Brief:
From the records below, extract only the lines running from the line with "Collar Inicial de" to the line with "Zara Womens Blue", both lines included, reproducing them exactly.

Excerpted records:

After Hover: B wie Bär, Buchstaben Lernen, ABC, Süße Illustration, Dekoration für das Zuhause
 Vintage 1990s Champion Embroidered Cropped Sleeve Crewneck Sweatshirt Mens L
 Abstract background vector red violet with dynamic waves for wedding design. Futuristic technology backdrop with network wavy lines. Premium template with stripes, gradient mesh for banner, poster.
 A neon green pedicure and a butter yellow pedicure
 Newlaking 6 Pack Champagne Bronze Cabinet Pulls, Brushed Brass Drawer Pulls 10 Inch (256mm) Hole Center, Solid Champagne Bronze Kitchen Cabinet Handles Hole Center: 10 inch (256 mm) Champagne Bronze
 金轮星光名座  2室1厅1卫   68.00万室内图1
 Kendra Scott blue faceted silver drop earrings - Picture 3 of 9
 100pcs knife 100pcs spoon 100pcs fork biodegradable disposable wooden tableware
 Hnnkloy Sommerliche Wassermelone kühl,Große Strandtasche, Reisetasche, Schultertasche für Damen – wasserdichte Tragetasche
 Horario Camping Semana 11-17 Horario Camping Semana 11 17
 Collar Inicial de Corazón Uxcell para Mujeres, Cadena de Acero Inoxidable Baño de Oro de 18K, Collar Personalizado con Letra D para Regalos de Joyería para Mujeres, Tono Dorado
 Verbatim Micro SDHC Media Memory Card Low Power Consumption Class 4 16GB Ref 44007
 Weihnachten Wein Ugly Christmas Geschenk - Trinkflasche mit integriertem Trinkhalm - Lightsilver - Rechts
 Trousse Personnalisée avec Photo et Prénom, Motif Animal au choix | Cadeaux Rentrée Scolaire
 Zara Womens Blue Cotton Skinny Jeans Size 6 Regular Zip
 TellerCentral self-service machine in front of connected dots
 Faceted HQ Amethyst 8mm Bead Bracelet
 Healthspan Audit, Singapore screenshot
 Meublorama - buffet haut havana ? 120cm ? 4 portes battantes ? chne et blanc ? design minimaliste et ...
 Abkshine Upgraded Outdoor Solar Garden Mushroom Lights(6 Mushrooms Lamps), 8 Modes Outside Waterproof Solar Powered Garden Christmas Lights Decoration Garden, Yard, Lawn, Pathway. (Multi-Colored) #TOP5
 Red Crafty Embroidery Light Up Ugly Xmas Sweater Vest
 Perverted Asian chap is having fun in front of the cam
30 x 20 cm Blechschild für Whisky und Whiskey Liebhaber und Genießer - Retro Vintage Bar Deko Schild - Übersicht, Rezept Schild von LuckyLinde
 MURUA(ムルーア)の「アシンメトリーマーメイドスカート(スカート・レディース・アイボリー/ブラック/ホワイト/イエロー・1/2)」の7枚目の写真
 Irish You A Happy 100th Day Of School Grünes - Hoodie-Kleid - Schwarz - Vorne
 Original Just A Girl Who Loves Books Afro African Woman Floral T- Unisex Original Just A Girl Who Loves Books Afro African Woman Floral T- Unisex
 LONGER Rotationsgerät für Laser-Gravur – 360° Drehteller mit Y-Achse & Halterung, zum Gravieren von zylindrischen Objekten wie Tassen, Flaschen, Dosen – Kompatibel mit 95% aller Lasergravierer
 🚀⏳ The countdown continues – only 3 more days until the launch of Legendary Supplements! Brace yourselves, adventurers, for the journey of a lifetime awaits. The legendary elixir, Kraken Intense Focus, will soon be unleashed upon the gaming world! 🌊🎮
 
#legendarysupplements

Exercise response:
 Collar Inicial de Corazón Uxcell para Mujeres, Cadena de Acero Inoxidable Baño de Oro de 18K, Collar Personalizado con Letra D para Regalos de Joyería para Mujeres, Tono Dorado
 Verbatim Micro SDHC Media Memory Card Low Power Consumption Class 4 16GB Ref 44007
 Weihnachten Wein Ugly Christmas Geschenk - Trinkflasche mit integriertem Trinkhalm - Lightsilver - Rechts
 Trousse Personnalisée avec Photo et Prénom, Motif Animal au choix | Cadeaux Rentrée Scolaire
 Zara Womens Blue Cotton Skinny Jeans Size 6 Regular Zip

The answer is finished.